Claude Guardian
Flight computer for Claude Code — log rotation, watchdog, crash bundles, and MCP self-awareness
Ask AI about Claude Guardian
Powered by Claude · Grounded in docs
I know everything about Claude Guardian. Ask me about installation, configuration, usage, or troubleshooting.
0/500
Reviews
Documentation
日本語 | 中文 | Español | Français | हिन्दी | Italiano | Português (BR)
Flight computer for Claude Code — log rotation, watchdog, crash bundles, and MCP self-awareness.
Claude Guardian is a local reliability layer that keeps Claude Code sessions healthy. It detects log bloat, disk pressure, and hangs before they cause problems, captures evidence when things go wrong, and exposes an MCP server so Claude can self-monitor mid-session.
What it does
| Command | Purpose |
|---|---|
preflight | Scan Claude project logs, report oversized dirs/files, optionally auto-fix |
doctor | Generate a diagnostics bundle (zip) with system info, log tails, journal |
run -- <cmd> | Launch any command with watchdog monitoring, auto-bundle on crash/hang |
status | One-shot health check: disk free, log sizes, warnings |
watch | Background daemon: continuous monitoring, incident tracking, budget enforcement |
budget | View and manage the concurrency budget (show/acquire/release) |
mcp | Start MCP server (10 tools) for Claude Code self-monitoring |
Install
npm install -g @mcptoolshop/claude-guardian
Or run directly:
npx @mcptoolshop/claude-guardian preflight
Quick start
Check your environment
claude-guardian status
=== Claude Guardian Preflight ===
Disk free: 607.13GB [OK]
Claude projects: C:\Users\you\.claude\projects
Total size: 1057.14MB
Project directories (by size):
my-project: 1020.41MB
Issues found:
[WARNING] Project log dir is 1020.41MB (limit: 200MB)
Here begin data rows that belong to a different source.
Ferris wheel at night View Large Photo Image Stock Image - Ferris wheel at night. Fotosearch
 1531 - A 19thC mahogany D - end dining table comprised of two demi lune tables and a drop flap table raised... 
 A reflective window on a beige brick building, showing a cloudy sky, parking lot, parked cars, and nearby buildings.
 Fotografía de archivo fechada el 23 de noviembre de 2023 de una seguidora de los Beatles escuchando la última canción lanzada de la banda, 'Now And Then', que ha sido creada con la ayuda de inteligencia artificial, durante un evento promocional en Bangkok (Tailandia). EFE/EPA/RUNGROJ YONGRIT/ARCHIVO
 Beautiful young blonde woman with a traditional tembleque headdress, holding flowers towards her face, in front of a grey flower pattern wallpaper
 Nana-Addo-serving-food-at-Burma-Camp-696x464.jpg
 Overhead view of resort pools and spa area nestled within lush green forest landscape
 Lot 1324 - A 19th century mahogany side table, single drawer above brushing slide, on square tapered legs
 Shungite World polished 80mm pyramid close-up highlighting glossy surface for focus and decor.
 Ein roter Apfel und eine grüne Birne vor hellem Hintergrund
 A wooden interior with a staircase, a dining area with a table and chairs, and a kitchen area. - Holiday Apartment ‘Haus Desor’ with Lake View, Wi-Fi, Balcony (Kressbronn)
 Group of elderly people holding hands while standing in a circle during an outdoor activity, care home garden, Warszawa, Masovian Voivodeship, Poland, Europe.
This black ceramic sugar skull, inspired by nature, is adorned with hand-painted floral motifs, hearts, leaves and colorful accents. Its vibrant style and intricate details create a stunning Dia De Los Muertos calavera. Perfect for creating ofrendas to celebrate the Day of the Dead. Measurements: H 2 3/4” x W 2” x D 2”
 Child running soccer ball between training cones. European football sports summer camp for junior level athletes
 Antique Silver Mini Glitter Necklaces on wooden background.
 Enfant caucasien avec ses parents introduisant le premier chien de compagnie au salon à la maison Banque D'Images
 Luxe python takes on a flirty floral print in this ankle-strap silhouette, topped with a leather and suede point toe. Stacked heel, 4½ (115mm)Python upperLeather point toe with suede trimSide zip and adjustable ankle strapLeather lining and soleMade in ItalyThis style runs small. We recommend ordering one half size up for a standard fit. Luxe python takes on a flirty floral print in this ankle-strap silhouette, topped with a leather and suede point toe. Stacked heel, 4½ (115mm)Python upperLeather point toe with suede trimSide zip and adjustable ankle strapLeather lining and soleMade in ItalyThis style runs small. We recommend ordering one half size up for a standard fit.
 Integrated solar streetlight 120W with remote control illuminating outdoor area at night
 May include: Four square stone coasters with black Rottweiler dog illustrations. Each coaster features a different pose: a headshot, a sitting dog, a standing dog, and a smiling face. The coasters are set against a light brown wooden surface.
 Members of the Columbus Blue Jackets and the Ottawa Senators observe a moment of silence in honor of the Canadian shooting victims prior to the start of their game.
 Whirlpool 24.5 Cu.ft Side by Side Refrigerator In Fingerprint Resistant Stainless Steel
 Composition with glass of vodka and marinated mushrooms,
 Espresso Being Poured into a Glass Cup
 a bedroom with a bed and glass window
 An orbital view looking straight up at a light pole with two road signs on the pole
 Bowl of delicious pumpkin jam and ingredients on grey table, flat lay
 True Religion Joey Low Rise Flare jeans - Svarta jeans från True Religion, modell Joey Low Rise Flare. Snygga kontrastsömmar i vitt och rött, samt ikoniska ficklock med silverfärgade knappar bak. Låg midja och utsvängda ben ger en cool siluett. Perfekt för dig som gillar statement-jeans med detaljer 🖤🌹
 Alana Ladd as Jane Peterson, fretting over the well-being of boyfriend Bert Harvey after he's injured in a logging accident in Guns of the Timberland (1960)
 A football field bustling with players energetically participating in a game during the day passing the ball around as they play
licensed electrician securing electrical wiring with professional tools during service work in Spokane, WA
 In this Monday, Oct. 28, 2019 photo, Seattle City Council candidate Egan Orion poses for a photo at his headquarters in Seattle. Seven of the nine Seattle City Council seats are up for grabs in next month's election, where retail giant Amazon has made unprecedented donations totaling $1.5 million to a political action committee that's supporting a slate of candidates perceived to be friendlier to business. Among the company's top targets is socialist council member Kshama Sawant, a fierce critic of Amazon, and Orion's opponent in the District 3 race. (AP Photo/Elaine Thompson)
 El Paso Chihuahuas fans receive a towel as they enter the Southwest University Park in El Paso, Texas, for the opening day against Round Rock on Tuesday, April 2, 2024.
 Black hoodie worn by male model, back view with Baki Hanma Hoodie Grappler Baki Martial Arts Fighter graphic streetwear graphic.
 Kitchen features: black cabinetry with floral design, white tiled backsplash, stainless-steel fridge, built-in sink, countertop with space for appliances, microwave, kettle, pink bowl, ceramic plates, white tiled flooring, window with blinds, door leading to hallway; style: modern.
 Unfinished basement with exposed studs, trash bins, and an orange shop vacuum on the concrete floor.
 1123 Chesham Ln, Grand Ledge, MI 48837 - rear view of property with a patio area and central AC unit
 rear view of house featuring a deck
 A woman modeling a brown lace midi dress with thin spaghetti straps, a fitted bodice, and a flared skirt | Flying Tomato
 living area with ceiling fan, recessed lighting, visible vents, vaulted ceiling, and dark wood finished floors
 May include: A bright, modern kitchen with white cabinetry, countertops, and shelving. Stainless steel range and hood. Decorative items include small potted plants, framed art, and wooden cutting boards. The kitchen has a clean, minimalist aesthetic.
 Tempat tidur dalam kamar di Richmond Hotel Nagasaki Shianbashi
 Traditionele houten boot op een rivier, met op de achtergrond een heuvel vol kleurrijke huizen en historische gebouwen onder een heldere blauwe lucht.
[WARNING] File is 33.85MB (limit: 25MB)
[guardian] disk=607.13GB | logs=1057.14MB | issues=2
Auto-fix log bloat
claude-guardian preflight --fix
Rotates old logs (gzip), trims oversized .jsonl/.log files to their last N lines. Every action is logged to a journal file for traceability.
Generate a crash report
claude-guardian doctor --out ./bundle.zip
Creates a zip containing:
summary.json— system info, file size report, preflight resultslog-tails/— last 500 lines of each log filejournal.jsonl— every action the guardian has ever takenprocess.json— snapshot of running Claude processes at bundle timetimeline.json— reconstructed chronological event timelinestate.json— current daemon state (if daemon was running)incidents.jsonl— incident history (if any)
Run with watchdog
claude-guardian run -- claude
claude-guardian run --auto-restart --hang-timeout 120 -- node server.js
The watchdog:
- Spawns your command as a child process
- Monitors stdout/stderr for activity
- If no activity for
--hang-timeoutseconds → captures a doctor bundle - If the process crashes → captures a bundle, optionally restarts with backoff
MCP Server (the real unlock)
Register the guardian as a local MCP server so Claude can self-monitor:
Add to ~/.claude.json:
{
"mcpServers": {
"guardian": {
"command": "npx",
"args": ["@mcptoolshop/claude-guardian", "mcp"]
}
}
}
Then Claude can call:
| Tool | What it returns |
|---|---|
guardian_status | Disk, logs, processes, hang risk, budget, attention level |
guardian_preflight_fix | Runs log rotation/trimming, returns before/after report |
guardian_doctor | Creates diagnostics bundle (zip), returns path + summary |
guardian_nudge | Safe auto-remediation: fix logs if bloated, capture bundle if needed |
guardian_budget_get | Current concurrency cap, slots in use, active leases |
guardian_budget_acquire | Request concurrency slots (returns lease ID) |
guardian_budget_release | Release a lease when done with heavy work |
guardian_recovery_plan | Step-by-step recovery plan naming exact tools to call |
guardian_preview_ready | Poll a port until the dev server responds (use after preview_start) |
guardian_preview_recover | Diagnose stuck preview sessions, classify project type, guide recovery |
This lets Claude say: "Attention is WARN. Running guardian_nudge, then reducing concurrency."
Preview reliability
The guardian_preview_ready and guardian_preview_recover tools solve the race condition where preview_start returns success before the dev server is actually listening — which causes the browser to land on chrome-error:// and get stuck.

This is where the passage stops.